To understand Le Salaire à Vie properly we need to understand the two forms of property conceptualized by Friot: Lucrative Property and Property of Use.
Lucrative Property is property that is not personally consumed by the owner but from which forms of income are derived. This could be a house that the owner charges rent on or profits from a company or an investment portfolio. This is commonly referred to as private property.
Property of Use or “The Property of Jouissance” is property limited to the usufruct of a good and of which no profit can be drawn. We can think of this as personal or public property. The Property of Use can’t be sold; rental would be allowed as long as it is tied to the value the owner adds to the property such as services or renovations and maintenance. You could own your own house or car but you couldn’t sell or rent these items, again, unless the income derived is tied to the value you create.

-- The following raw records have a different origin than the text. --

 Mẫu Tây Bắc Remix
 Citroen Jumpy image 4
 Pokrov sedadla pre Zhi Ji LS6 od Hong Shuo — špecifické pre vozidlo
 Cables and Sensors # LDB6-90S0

Forms of value, like social contribution and domestic labor, that are currently invisibilized in capitalism will again be recognized by society for their necessity to the reproduction of the society. Since the workers value is determined by their qualifications and social contribution instead of labor time or social factors like socio-economic status, race, age or gender. Mothers and the elderly receive salary, this is not merely an act of solidarity or to be seen as alms, but rather, as a social co-responsibility. These types of labor that are ignored in capitalism are seen to produce real value that would be figured into the Gross Domestic Product (GDP), or the total economic output of the nation. The gender pay gap would disappear and domestic labor performed mostly by women would have value. A mother raising a child would no longer have to choose between work and being a mother. The elderly or infirm would cease to depend on welfare programs like social security that allows them to barely scrape by.

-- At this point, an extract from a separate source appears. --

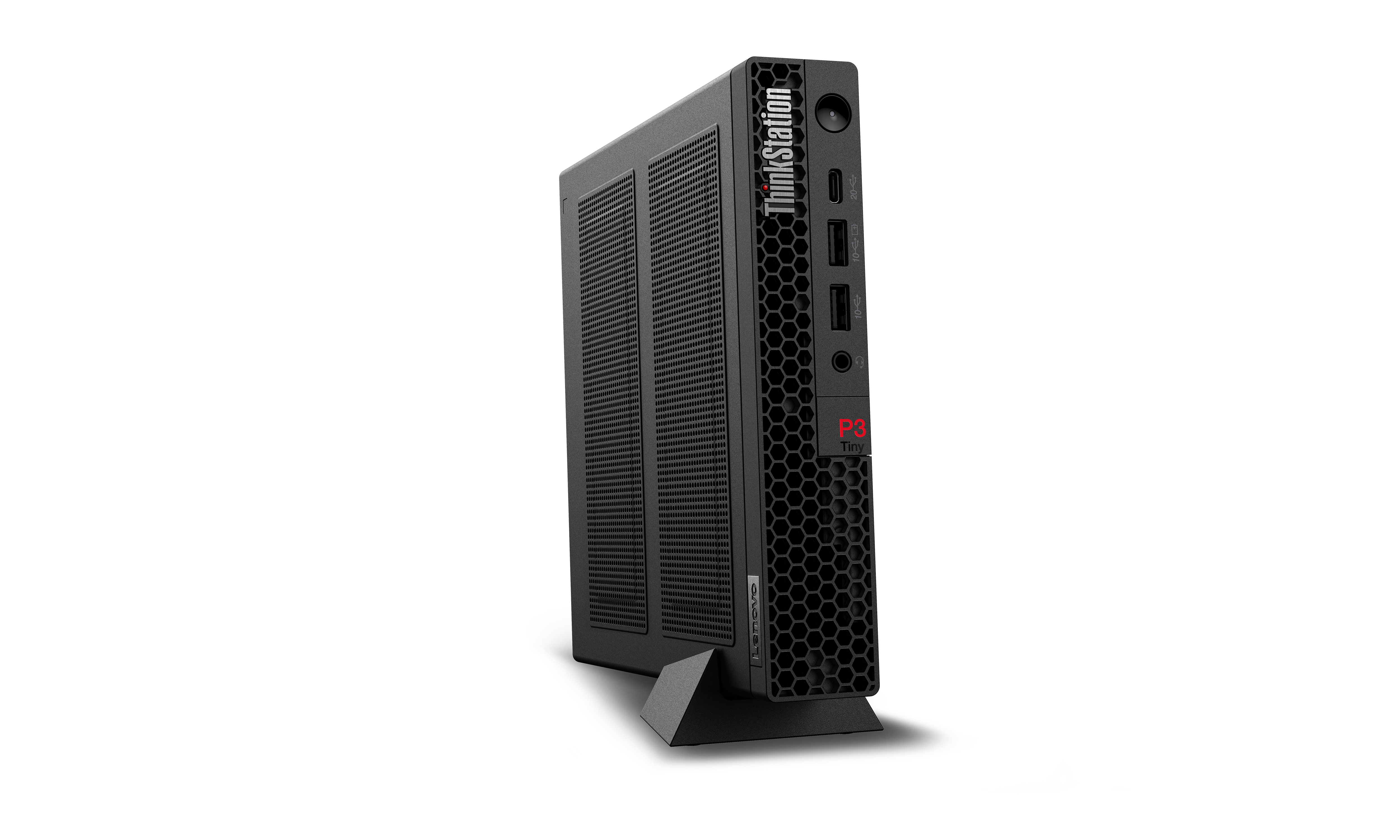 Lenovo ThinkStation P3 Tiny Gen 2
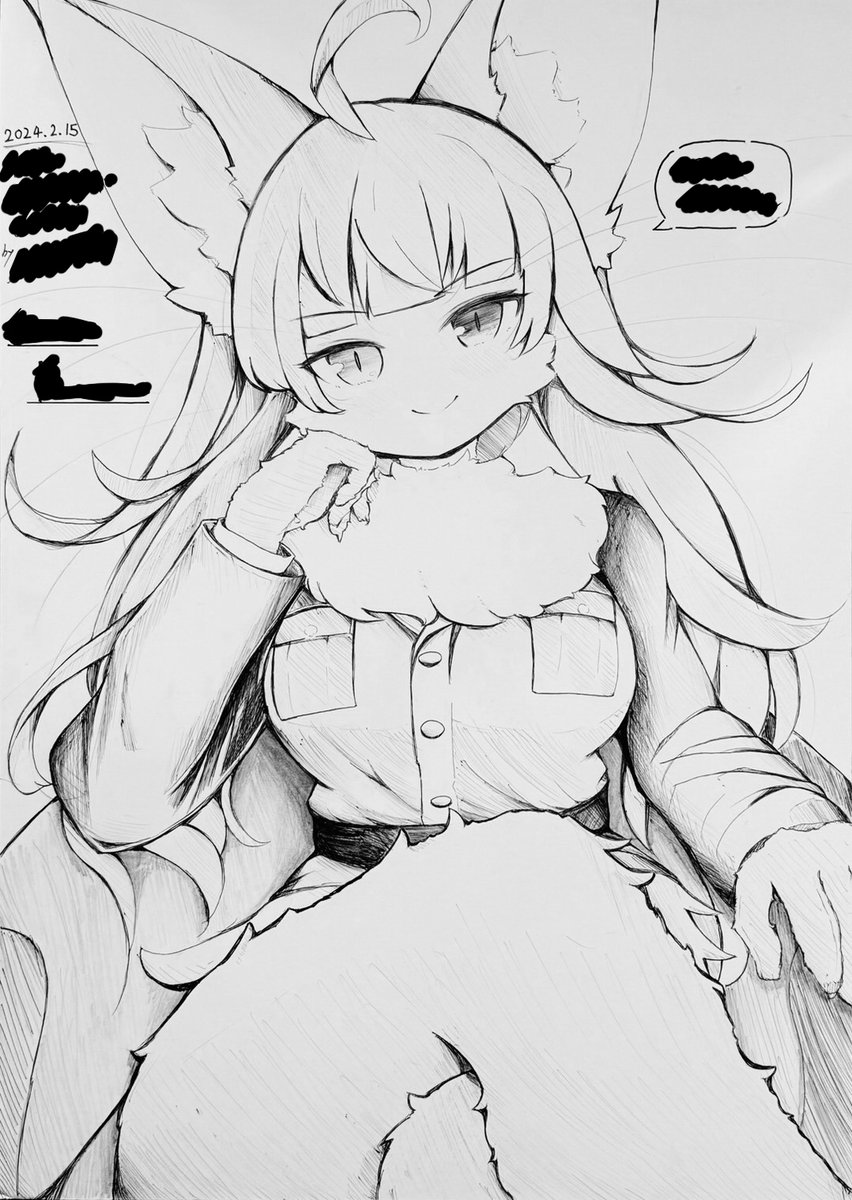 広報じゃないのに一緒に企画立案したり自分含め職場のために色々考えてくれてめちゃくちゃ頑張ってくれた上司が転勤してしまうことになって、最大限自分ができるお礼を差し上げました
いなくなる日は自分はいないけど本当にお世話になりました
黒塗りと裏面はバレたら炎上しそうな設定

As a way to escape capitalism, Le Salaire à Vie seeks to suppress and ultimately delete profit altogether, transforming the incentive that drives the society. To escape capital we must suppress profit, not tax it. The taxation of profit legitimizes it and makes us dependent on these profits and thus the capitalist system. Social programs that millions depend on currently rely on this; this creates yet another contradiction in capital.
Instead, Le Salaire à Vie would eliminate most social programs, they would be made redundant by automatic living wages along with socially provided services like healthcare, education, public transport, and basic necessities such as electricity, heat and water. Although, some social programs would remain for the disabled and others not capable of performing labor that otherwise would not be to increase their income. This would also free up the money we currently invest in social programs to be used elsewhere, possibly to more adequately fund healthcare, transport and education systems. So where does this money come from and how exactly would we be able to expand the economy with a salary cap? I mean we can’t possibly create new business, expand production, hire more people and so on without capital accumulation, right?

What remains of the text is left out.